(Source: MIRS.news, Published 11/1/2022) A total of 68% of 110 former state lawmakers said they would serve in the Legislature again if given a chance, according to a University of Michigan study published Tuesday.
Some of them may soon get that chance.
Voters are projected to adopt Proposal 1 next Tuesday, which would allow state legislators to serve a combined 12 years in the state Legislature. Currently, House members are capped at three two-year terms and senators are capped at two four-year terms.
Proposal 1 would allow former House members who didn't serve in the Senate to return for six more House years. Of those who responded to the survey, 66% served only in the House while 29% served in both.
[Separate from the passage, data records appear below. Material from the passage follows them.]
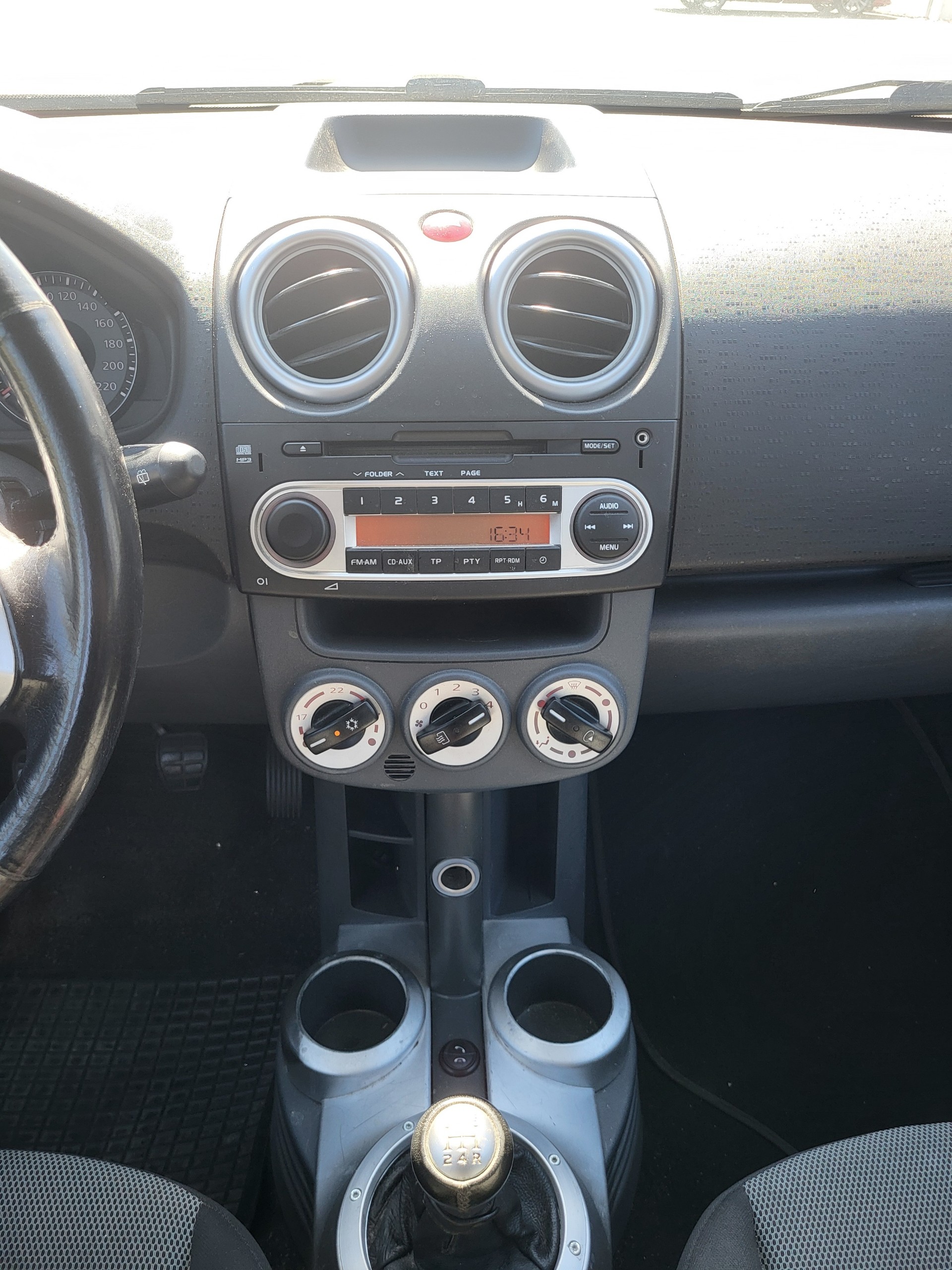 MITSUBISHI Colt 1.3 16V Jubilé (35) ClearTec-image-6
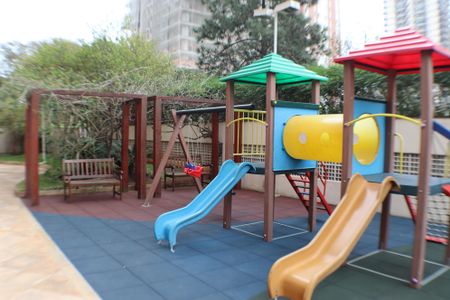 Apartamento para alugar com 107m², 3 quartos e 2 vagas Apartamento para alugar com 107m², 3 quartos e 2 vagasÁrea comum - Playground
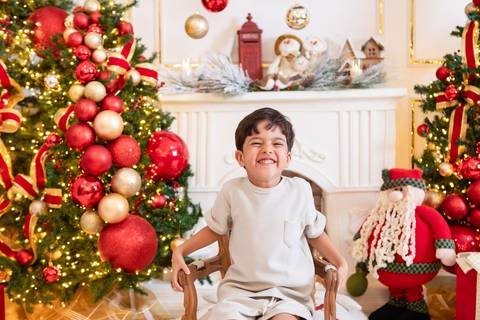 ensaio de natal bebê touca de papai noel brasilia df registrado pela fotógrafa letícia franco papai noel arvore guirlanda pijama carter's carters  trailer neve
'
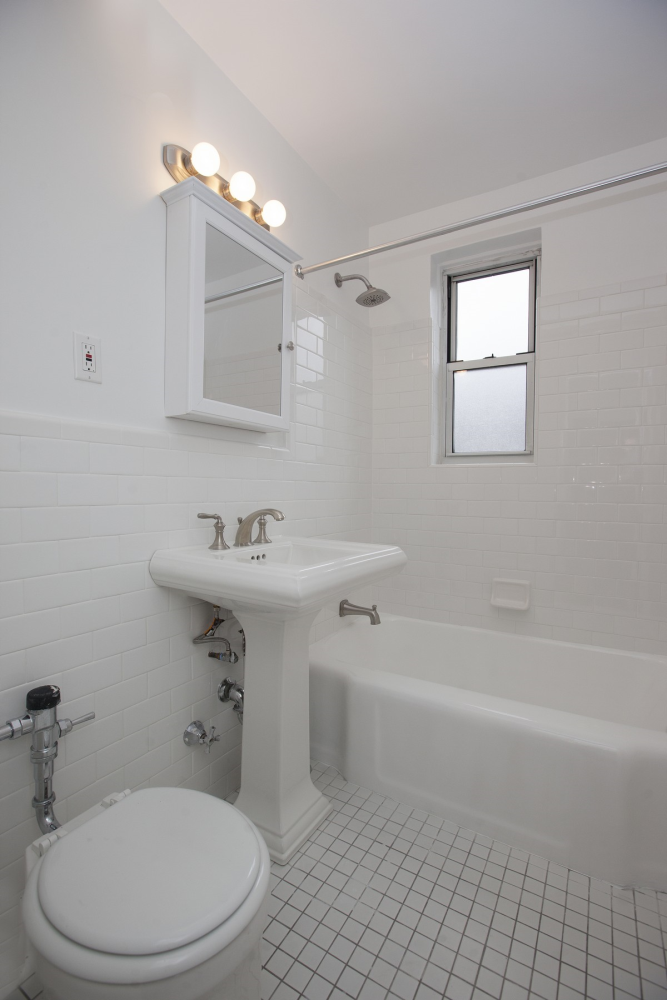 65-15 YELLOWSTONE Boulevard, New York, NY 11375, 1 Bedroom Bedrooms, 3 Rooms Rooms,1 BathroomBathrooms,Residential,For Sale,YELLOWSTONE,RPLU-217123010637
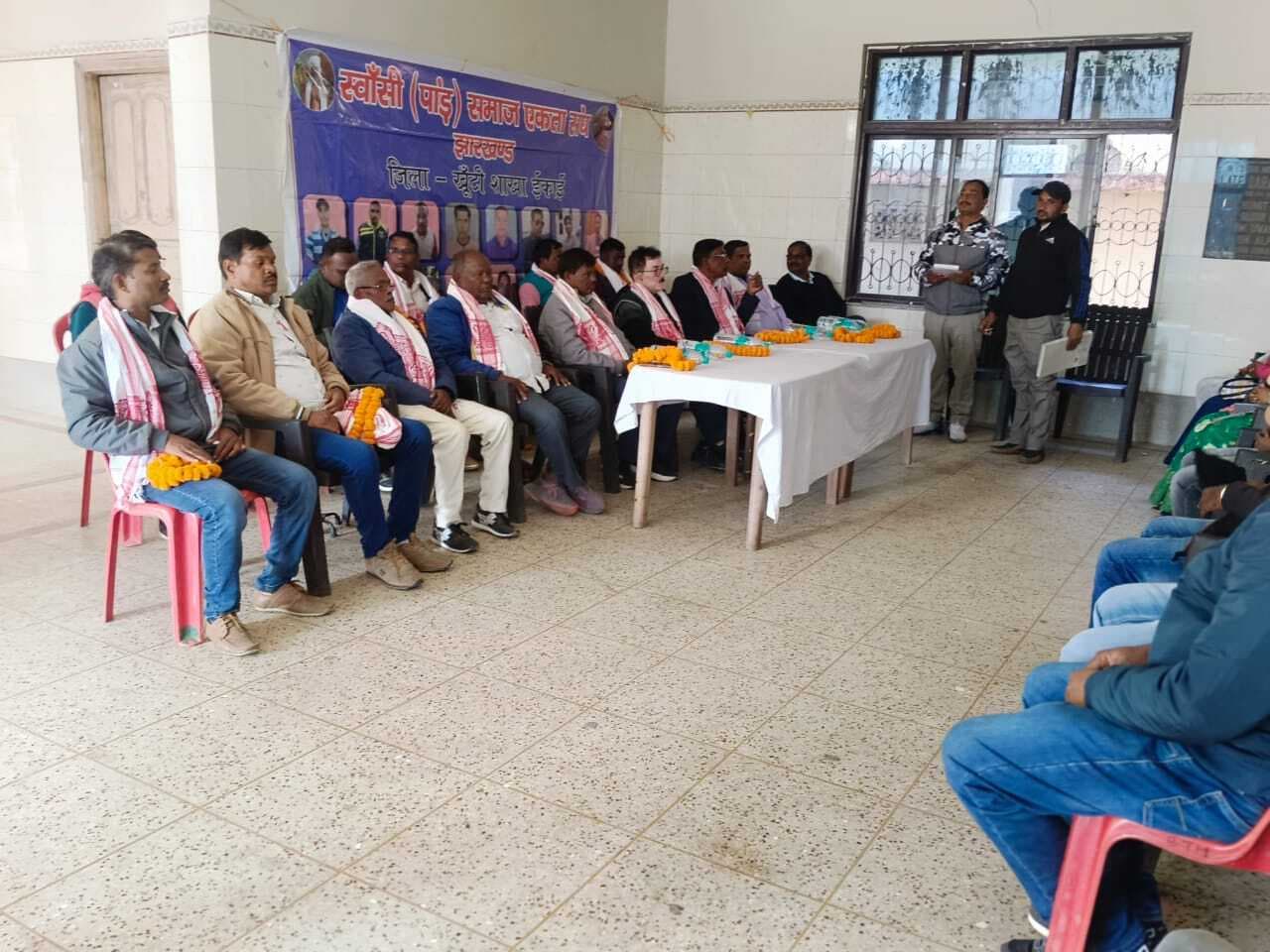 भूख रहकर भी बच्चों को पढ़ायें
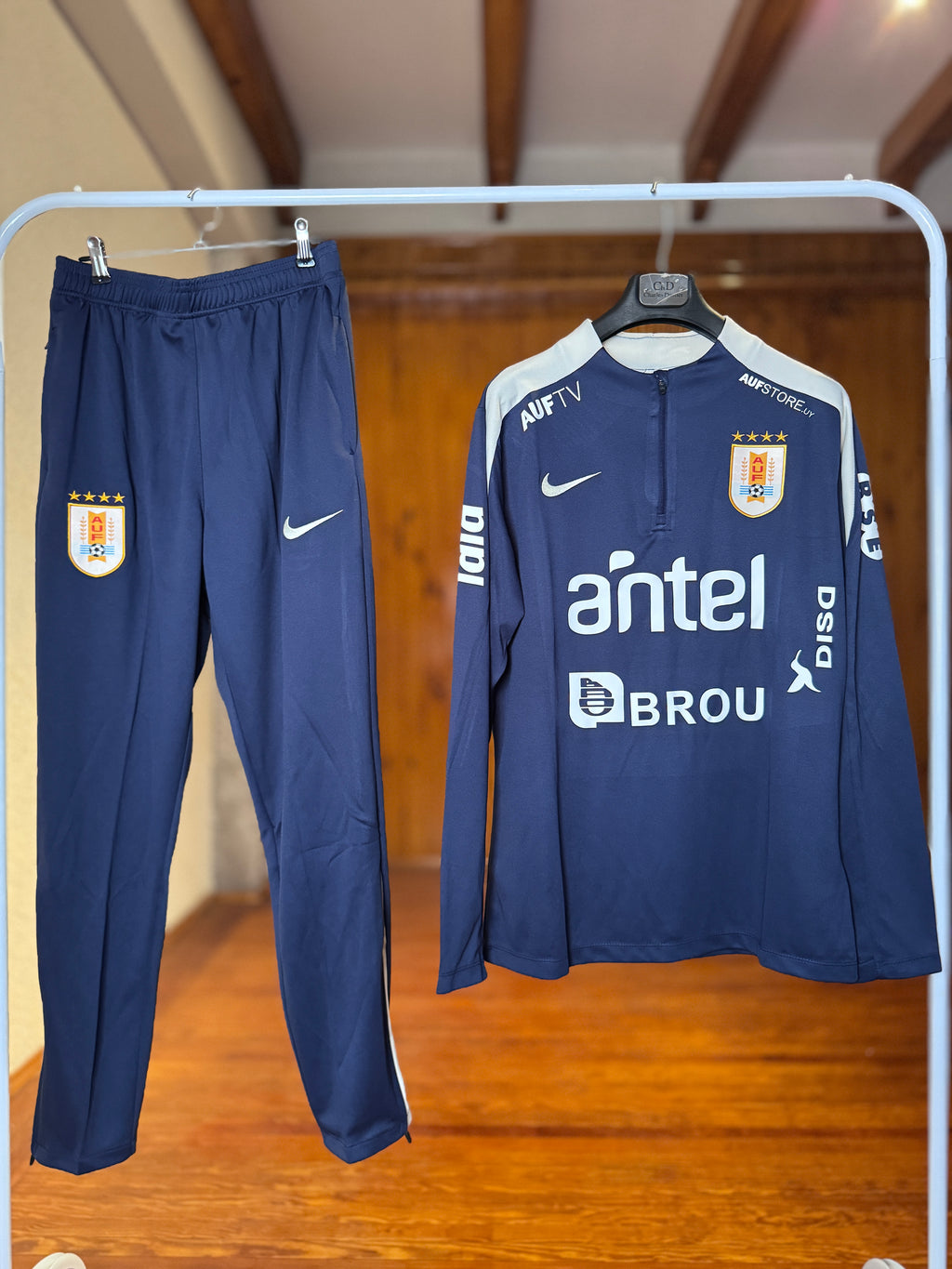 Conjunto Uruguay AUF buzo manga larga y pantalón Nike
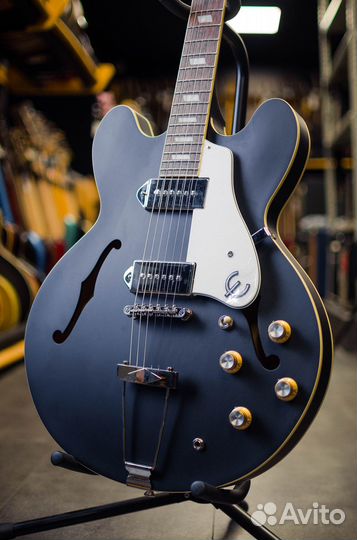 Полуакустика Epiphone Casino Worn Ebony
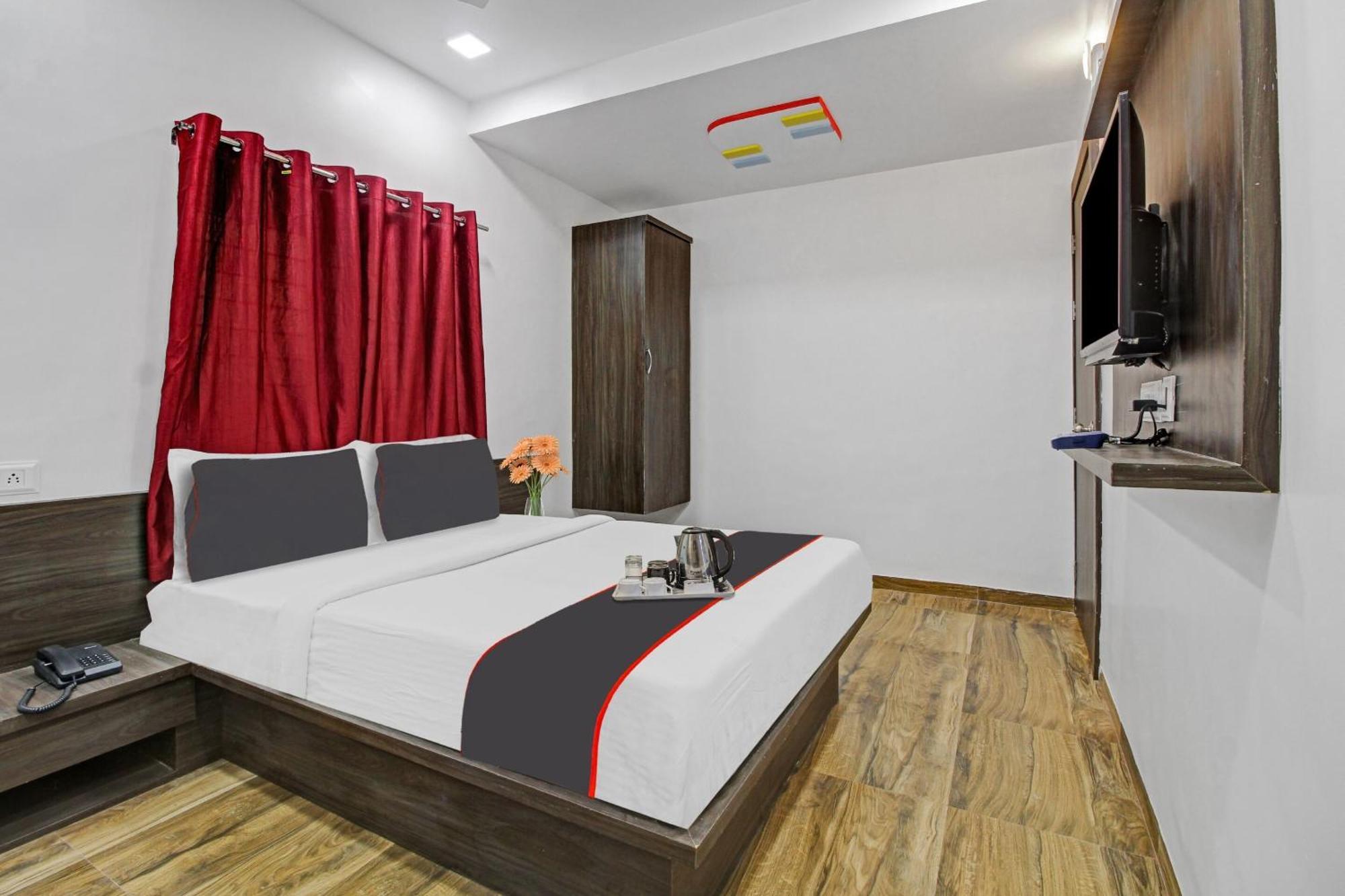 מלון Shikrapur Collection O Sairaj Lodging & Boarding מראה חיצוני תמונה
The survey was overseen by Rusty Hills, a longtime Republican Party political official who is now a lecturer at the University of Michigan's Ford School of Public Policy. He conducted the survey between May 17, 2020, and Feb. 21, 2021 through email. Hills invited 308 former legislators to participate. The response rate was 35.7%
It found that 67% of these respondents favor reforming term limits and 27% favor abolishing them altogether. A final 6% favored leaving them as they are.
Of the two-thirds majority who favored reforming term limits the most common alternative is to extend the allowable time in office with 12 years being the most common target mentioned.
On another question, 78% said they wouldn’t do anything differently in spending time with lobbyists while 16% said they would spend more time with lobbyists because of their greater knowledge of specific issues. A final 6% said they would spend less time with lobbyists because they're paid to advocate for specific position.
"This survey underscores the desire for some change, from both sides of the aisle," Hills said. "These public servants want the Legislature to work better for everybody, so their opinions and comments are particularly relevant during this election season."